----- RAW DATA -----
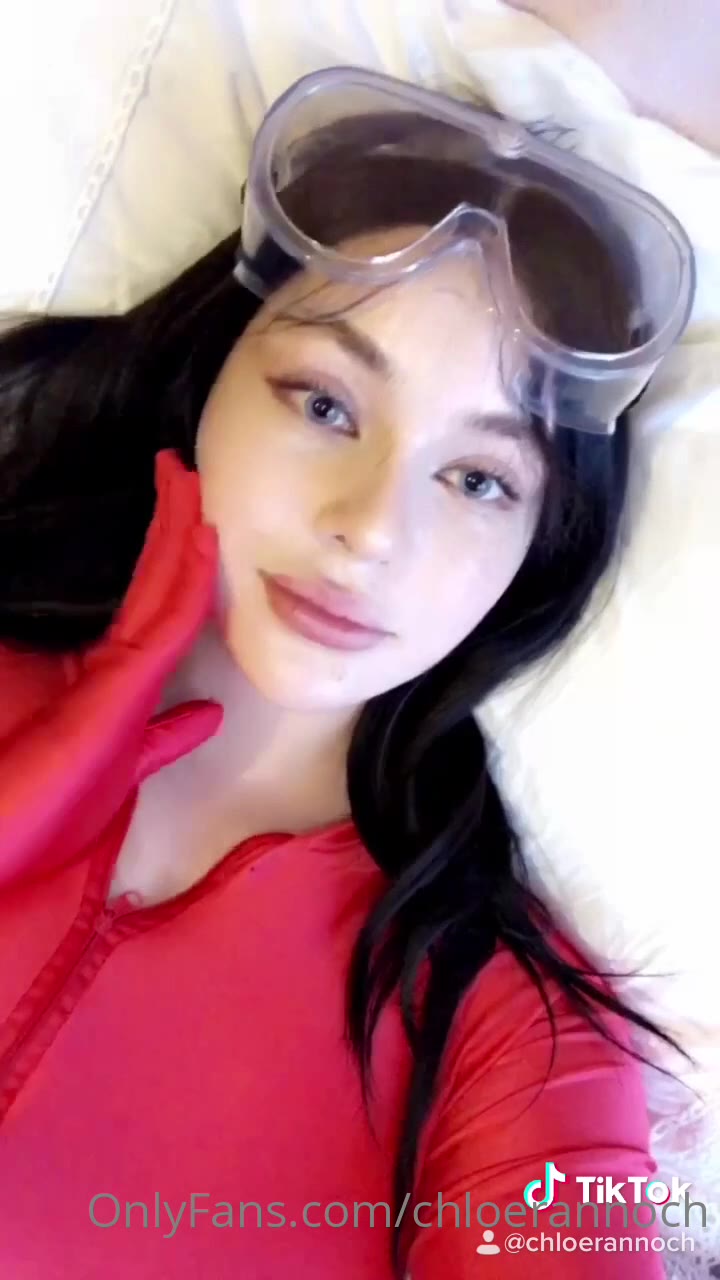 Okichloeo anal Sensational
-----
----- RAW DATA -----
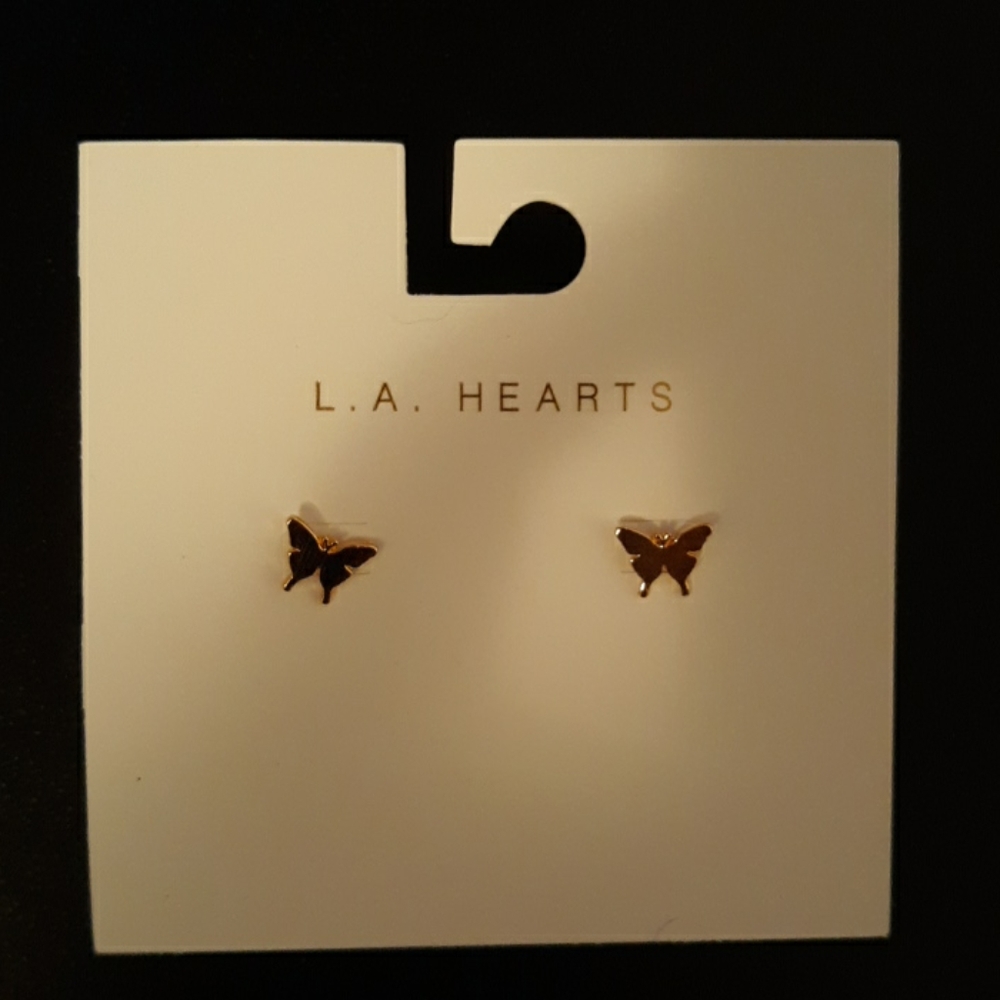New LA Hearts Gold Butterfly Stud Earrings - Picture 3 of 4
-----
----- RAW DATA -----
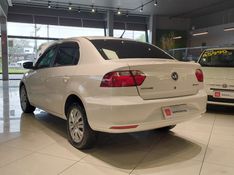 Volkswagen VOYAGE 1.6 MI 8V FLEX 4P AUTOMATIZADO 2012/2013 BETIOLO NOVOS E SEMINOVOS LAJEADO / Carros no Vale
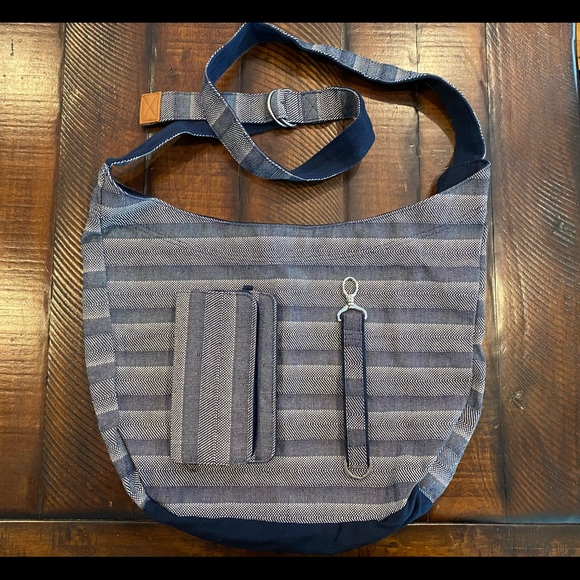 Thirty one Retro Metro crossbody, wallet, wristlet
-----
Excerpt from the records above: set down only the lines from the one that contains "Volkswagen VOYAGE 1.6" through the one that contains "Thirty one Retro", inclusive, word for word. Pictures stay out.

 Volkswagen VOYAGE 1.6 MI 8V FLEX 4P AUTOMATIZADO 2012/2013 BETIOLO NOVOS E SEMINOVOS LAJEADO / Carros no Vale
 Thirty one Retro Metro crossbody, wallet, wristlet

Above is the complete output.